-
Notifications
You must be signed in to change notification settings - Fork 124
Description
Hello.
In our project we are using following strategy to skip some lines having only , content.
CSV.open(file, 'r', skip_lines: /^,+$/)During update to Ruby 2.7 some specs related to this failed since it wasn't skipping lines properly. I have found out the difference is that RegExp is matched against whole line now including newline character for example. I was able to bisect the problem to 39da059 using this reproducing script:
require 'test/unit'
require 'timeout'
require_relative '../../lib/csv'
class TestCSVRegress < Test::Unit::TestCase
def setup
super
@sample_data = <<-CSV
line,1,abc
line,2,"def\nghi"
line,4,jkl
CSV
end
def test_line_trash
csv = CSV.new(@sample_data, :skip_lines => Class.new do
$lines = []
def self.match(line)
$lines << line
end
end
)
Timeout.timeout(0.1) do # this is needed to bandaid infinite loop bug in some csv versions
csv.count # do something to iterate over the file
assert_equal($lines, ["line,1,abc", "line,2,\"def", "ghi\"", "line,4,jkl"])
end
end
endThis spec is passing at v3.0.1 tag, but fails on current master with
[retro@retro csv (master $%=)]❤ ruby -Itest test/csv/test_regress.rb
Loaded suite test/csv/test_regress
Started
F
==============================================================================================================================================================================================
test/csv/test_regress.rb:25:in `test_line_trash'
22: end
23: )
24:
=> 25: timeout(0.1) do
26: csv.count # do something to iterate over the file
27:
28: assert_equal($lines, ["line,1,abc", "line,2,\"def", "ghi\"", "line,4,jkl"])

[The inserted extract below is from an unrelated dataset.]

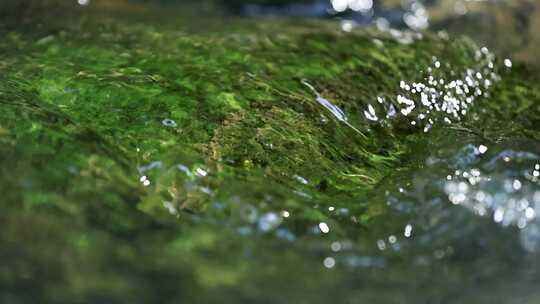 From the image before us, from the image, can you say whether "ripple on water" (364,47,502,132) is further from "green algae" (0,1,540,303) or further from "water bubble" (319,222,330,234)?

/home/retro/.rubies/ruby-2.5.7/lib/ruby/2.5.0/timeout.rb:122:in `timeout'
/home/retro/.rubies/ruby-2.5.7/lib/ruby/2.5.0/timeout.rb:108:in `timeout'
/home/retro/.rubies/ruby-2.5.7/lib/ruby/2.5.0/timeout.rb:33:in `catch'
/home/retro/.rubies/ruby-2.5.7/lib/ruby/2.5.0/timeout.rb:33:in `catch'
/home/retro/.rubies/ruby-2.5.7/lib/ruby/2.5.0/timeout.rb:33:in `block in catch'
/home/retro/.rubies/ruby-2.5.7/lib/ruby/2.5.0/timeout.rb:93:in `block in timeout'
test/csv/test_regress.rb:28:in `block in test_line_trash'
<["line,1,abc\n", "line,2,\"def\n", "ghi\"\n", "\n", "line,4,jkl\n"]> expected but was
<["line,1,abc", "line,2,\"def", "ghi\"", "line,4,jkl"]>
diff:
? ["line,1,abc\n", "line,2,\"def\n", "ghi\"\n", "\n", "line,4,jkl\n"]

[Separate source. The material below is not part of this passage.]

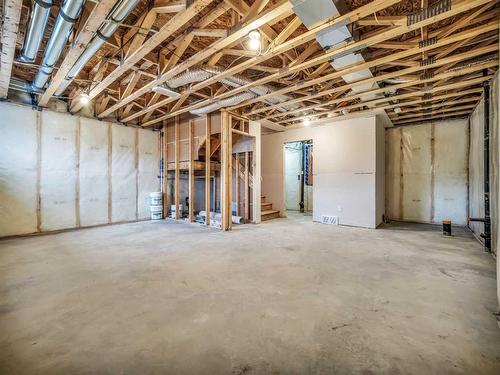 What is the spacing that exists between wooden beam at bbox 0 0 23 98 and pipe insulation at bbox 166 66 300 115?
68.3 inches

Failure: test_line_trash(TestCSVRegress)
==============================================================================================================================================================================================
Finished in 0.005389607 seconds.
----------------------------------------------------------------------------------------------------------------------------------------------------------------------------------------------
1 tests, 1 assertions, 1 failures, 0 errors, 0 pendings, 0 omissions, 0 notifications
0% passed
----------------------------------------------------------------------------------------------------------------------------------------------------------------------------------------------
185.54 tests/s, 185.54 assertions/s
For now I have introduced custom class to strip the "payload" and do the check on top of that.
class Skipper
EMPTY_LINE = /^,+$/.freeze
def match(line)
line.strip.match?(EMPTY_LINE)
end
end
CSV.open(file, mode, skip_lines: Skipper.new)Anyway this seems like side-effect of mentioned change and unwanted behaviour change. I suggest to at least add spec for the payload, but I'm not sure which behaviour is intended (with/without newline character included).